▶ _Action item_
Could you copy the lines below exactly, leaving none out?

─── Record extracts

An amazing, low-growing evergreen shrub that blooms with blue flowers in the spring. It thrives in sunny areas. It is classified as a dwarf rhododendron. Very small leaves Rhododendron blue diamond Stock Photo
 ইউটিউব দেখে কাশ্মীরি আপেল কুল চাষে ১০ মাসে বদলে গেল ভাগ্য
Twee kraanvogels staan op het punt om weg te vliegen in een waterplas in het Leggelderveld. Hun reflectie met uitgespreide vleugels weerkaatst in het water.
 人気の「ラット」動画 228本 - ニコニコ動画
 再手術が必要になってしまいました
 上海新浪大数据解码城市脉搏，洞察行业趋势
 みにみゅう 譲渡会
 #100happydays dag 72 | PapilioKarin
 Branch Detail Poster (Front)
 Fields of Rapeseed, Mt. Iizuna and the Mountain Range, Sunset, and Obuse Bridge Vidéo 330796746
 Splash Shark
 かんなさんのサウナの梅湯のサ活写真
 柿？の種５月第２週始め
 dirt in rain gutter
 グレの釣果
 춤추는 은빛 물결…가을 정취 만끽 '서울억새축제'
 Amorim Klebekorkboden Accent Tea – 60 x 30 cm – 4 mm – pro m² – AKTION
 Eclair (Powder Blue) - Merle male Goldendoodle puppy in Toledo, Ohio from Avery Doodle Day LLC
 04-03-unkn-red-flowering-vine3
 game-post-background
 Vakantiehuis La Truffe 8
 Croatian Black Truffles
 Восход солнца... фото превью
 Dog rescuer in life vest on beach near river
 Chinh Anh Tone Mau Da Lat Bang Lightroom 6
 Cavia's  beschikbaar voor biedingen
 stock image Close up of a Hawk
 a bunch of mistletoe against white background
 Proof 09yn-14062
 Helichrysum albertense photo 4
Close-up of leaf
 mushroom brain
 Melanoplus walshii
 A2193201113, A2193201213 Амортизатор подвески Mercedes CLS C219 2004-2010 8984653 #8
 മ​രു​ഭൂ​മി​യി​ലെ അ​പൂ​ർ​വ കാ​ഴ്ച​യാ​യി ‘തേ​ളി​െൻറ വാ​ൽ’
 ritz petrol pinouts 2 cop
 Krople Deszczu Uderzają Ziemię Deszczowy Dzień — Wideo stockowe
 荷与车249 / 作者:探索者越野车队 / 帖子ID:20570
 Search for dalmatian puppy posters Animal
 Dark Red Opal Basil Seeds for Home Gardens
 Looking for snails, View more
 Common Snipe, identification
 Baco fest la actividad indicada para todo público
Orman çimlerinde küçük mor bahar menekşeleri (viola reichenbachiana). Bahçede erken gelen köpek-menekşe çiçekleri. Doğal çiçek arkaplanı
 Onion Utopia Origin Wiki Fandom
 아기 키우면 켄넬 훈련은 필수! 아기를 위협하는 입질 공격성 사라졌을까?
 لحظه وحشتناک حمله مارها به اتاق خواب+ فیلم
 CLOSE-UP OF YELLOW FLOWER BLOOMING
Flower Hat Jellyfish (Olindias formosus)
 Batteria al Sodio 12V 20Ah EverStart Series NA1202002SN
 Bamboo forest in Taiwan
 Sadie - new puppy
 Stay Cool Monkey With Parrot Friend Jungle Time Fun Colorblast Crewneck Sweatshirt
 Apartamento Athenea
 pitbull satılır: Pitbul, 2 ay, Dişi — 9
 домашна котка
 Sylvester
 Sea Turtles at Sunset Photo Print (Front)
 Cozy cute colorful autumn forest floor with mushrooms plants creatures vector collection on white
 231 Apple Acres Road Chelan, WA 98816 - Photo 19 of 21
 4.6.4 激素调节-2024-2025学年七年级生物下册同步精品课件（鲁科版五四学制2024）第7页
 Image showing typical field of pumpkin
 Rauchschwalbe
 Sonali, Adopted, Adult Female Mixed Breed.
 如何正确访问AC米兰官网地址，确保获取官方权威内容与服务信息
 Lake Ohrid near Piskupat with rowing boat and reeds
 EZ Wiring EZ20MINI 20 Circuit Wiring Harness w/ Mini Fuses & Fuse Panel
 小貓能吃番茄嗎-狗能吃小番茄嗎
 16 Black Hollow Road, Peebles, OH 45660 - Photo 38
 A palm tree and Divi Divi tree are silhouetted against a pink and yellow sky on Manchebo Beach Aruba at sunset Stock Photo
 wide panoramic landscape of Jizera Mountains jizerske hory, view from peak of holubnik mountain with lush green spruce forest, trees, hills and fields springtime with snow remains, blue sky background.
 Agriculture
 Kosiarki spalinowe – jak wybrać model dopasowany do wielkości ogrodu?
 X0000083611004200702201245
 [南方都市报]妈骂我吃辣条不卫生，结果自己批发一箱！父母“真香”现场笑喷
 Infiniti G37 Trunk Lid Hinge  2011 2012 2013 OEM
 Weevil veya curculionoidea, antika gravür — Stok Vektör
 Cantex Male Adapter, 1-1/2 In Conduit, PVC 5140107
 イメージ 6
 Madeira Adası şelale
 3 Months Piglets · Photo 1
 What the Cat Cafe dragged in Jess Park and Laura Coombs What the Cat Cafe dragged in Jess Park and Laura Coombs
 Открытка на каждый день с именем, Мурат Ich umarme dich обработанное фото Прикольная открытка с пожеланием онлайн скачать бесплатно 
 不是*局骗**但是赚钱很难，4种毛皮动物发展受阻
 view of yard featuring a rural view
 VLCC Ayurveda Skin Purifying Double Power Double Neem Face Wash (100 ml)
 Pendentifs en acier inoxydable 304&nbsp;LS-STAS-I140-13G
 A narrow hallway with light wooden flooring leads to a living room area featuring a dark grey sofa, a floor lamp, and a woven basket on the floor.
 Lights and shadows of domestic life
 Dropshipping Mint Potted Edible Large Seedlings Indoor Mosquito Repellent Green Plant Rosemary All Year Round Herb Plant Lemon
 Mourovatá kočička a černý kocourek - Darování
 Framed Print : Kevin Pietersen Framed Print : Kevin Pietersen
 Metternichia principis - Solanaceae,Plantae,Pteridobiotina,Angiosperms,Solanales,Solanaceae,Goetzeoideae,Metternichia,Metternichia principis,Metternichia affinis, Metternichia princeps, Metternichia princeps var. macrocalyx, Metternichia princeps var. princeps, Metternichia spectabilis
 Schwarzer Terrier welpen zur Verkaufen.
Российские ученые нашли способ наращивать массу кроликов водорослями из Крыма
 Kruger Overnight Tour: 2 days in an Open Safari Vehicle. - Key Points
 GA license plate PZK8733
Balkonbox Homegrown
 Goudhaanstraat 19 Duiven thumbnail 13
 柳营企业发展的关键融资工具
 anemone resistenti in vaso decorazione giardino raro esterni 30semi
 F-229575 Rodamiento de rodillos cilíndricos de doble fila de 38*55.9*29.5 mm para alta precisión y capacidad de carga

──────

▶ _Completed exercise_
An amazing, low-growing evergreen shrub that blooms with blue flowers in the spring. It thrives in sunny areas. It is classified as a dwarf rhododendron. Very small leaves Rhododendron blue diamond Stock Photo
 ইউটিউব দেখে কাশ্মীরি আপেল কুল চাষে ১০ মাসে বদলে গেল ভাগ্য
Twee kraanvogels staan op het punt om weg te vliegen in een waterplas in het Leggelderveld. Hun reflectie met uitgespreide vleugels weerkaatst in het water.
 人気の「ラット」動画 228本 - ニコニコ動画
 再手術が必要になってしまいました
 上海新浪大数据解码城市脉搏，洞察行业趋势
 みにみゅう 譲渡会
 #100happydays dag 72 | PapilioKarin
 Branch Detail Poster (Front)
 Fields of Rapeseed, Mt. Iizuna and the Mountain Range, Sunset, and Obuse Bridge Vidéo 330796746
 Splash Shark
 かんなさんのサウナの梅湯のサ活写真
 柿？の種５月第２週始め
 dirt in rain gutter
 グレの釣果
 춤추는 은빛 물결…가을 정취 만끽 '서울억새축제'
 Amorim Klebekorkboden Accent Tea – 60 x 30 cm – 4 mm – pro m² – AKTION
 Eclair (Powder Blue) - Merle male Goldendoodle puppy in Toledo, Ohio from Avery Doodle Day LLC
 04-03-unkn-red-flowering-vine3
 game-post-background
 Vakantiehuis La Truffe 8
 Croatian Black Truffles
 Восход солнца... фото превью
 Dog rescuer in life vest on beach near river
 Chinh Anh Tone Mau Da Lat Bang Lightroom 6
 Cavia's  beschikbaar voor biedingen
 stock image Close up of a Hawk
 a bunch of mistletoe against white background
 Proof 09yn-14062
 Helichrysum albertense photo 4
Close-up of leaf
 mushroom brain
 Melanoplus walshii
 A2193201113, A2193201213 Амортизатор подвески Mercedes CLS C219 2004-2010 8984653 #8
 മ​രു​ഭൂ​മി​യി​ലെ അ​പൂ​ർ​വ കാ​ഴ്ച​യാ​യി ‘തേ​ളി​െൻറ വാ​ൽ’
 ritz petrol pinouts 2 cop
 Krople Deszczu Uderzają Ziemię Deszczowy Dzień — Wideo stockowe
 荷与车249 / 作者:探索者越野车队 / 帖子ID:20570
 Search for dalmatian puppy posters Animal
 Dark Red Opal Basil Seeds for Home Gardens
 Looking for snails, View more
 Common Snipe, identification
 Baco fest la actividad indicada para todo público
Orman çimlerinde küçük mor bahar menekşeleri (viola reichenbachiana). Bahçede erken gelen köpek-menekşe çiçekleri. Doğal çiçek arkaplanı
 Onion Utopia Origin Wiki Fandom
 아기 키우면 켄넬 훈련은 필수! 아기를 위협하는 입질 공격성 사라졌을까?
 لحظه وحشتناک حمله مارها به اتاق خواب+ فیلم
 CLOSE-UP OF YELLOW FLOWER BLOOMING
Flower Hat Jellyfish (Olindias formosus)
 Batteria al Sodio 12V 20Ah EverStart Series NA1202002SN
 Bamboo forest in Taiwan
 Sadie - new puppy
 Stay Cool Monkey With Parrot Friend Jungle Time Fun Colorblast Crewneck Sweatshirt
 Apartamento Athenea
 pitbull satılır: Pitbul, 2 ay, Dişi — 9
 домашна котка
 Sylvester
 Sea Turtles at Sunset Photo Print (Front)
 Cozy cute colorful autumn forest floor with mushrooms plants creatures vector collection on white
 231 Apple Acres Road Chelan, WA 98816 - Photo 19 of 21
 4.6.4 激素调节-2024-2025学年七年级生物下册同步精品课件（鲁科版五四学制2024）第7页
 Image showing typical field of pumpkin
 Rauchschwalbe
 Sonali, Adopted, Adult Female Mixed Breed.
 如何正确访问AC米兰官网地址，确保获取官方权威内容与服务信息
 Lake Ohrid near Piskupat with rowing boat and reeds
 EZ Wiring EZ20MINI 20 Circuit Wiring Harness w/ Mini Fuses & Fuse Panel
 小貓能吃番茄嗎-狗能吃小番茄嗎
 16 Black Hollow Road, Peebles, OH 45660 - Photo 38
 A palm tree and Divi Divi tree are silhouetted against a pink and yellow sky on Manchebo Beach Aruba at sunset Stock Photo
 wide panoramic landscape of Jizera Mountains jizerske hory, view from peak of holubnik mountain with lush green spruce forest, trees, hills and fields springtime with snow remains, blue sky background.
 Agriculture
 Kosiarki spalinowe – jak wybrać model dopasowany do wielkości ogrodu?
 X0000083611004200702201245
 [南方都市报]妈骂我吃辣条不卫生，结果自己批发一箱！父母“真香”现场笑喷
 Infiniti G37 Trunk Lid Hinge  2011 2012 2013 OEM
 Weevil veya curculionoidea, antika gravür — Stok Vektör
 Cantex Male Adapter, 1-1/2 In Conduit, PVC 5140107
 イメージ 6
 Madeira Adası şelale
 3 Months Piglets · Photo 1
 What the Cat Cafe dragged in Jess Park and Laura Coombs What the Cat Cafe dragged in Jess Park and Laura Coombs
 Открытка на каждый день с именем, Мурат Ich umarme dich обработанное фото Прикольная открытка с пожеланием онлайн скачать бесплатно 
 不是*局骗**但是赚钱很难，4种毛皮动物发展受阻
 view of yard featuring a rural view
 VLCC Ayurveda Skin Purifying Double Power Double Neem Face Wash (100 ml)
 Pendentifs en acier inoxydable 304&nbsp;LS-STAS-I140-13G
 A narrow hallway with light wooden flooring leads to a living room area featuring a dark grey sofa, a floor lamp, and a woven basket on the floor.
 Lights and shadows of domestic life
 Dropshipping Mint Potted Edible Large Seedlings Indoor Mosquito Repellent Green Plant Rosemary All Year Round Herb Plant Lemon
 Mourovatá kočička a černý kocourek - Darování
 Framed Print : Kevin Pietersen Framed Print : Kevin Pietersen
 Metternichia principis - Solanaceae,Plantae,Pteridobiotina,Angiosperms,Solanales,Solanaceae,Goetzeoideae,Metternichia,Metternichia principis,Metternichia affinis, Metternichia princeps, Metternichia princeps var. macrocalyx, Metternichia princeps var. princeps, Metternichia spectabilis
 Schwarzer Terrier welpen zur Verkaufen.
Российские ученые нашли способ наращивать массу кроликов водорослями из Крыма
 Kruger Overnight Tour: 2 days in an Open Safari Vehicle. - Key Points
 GA license plate PZK8733
Balkonbox Homegrown
 Goudhaanstraat 19 Duiven thumbnail 13
 柳营企业发展的关键融资工具
 anemone resistenti in vaso decorazione giardino raro esterni 30semi
 F-229575 Rodamiento de rodillos cilíndricos de doble fila de 38*55.9*29.5 mm para alta precisión y capacidad de carga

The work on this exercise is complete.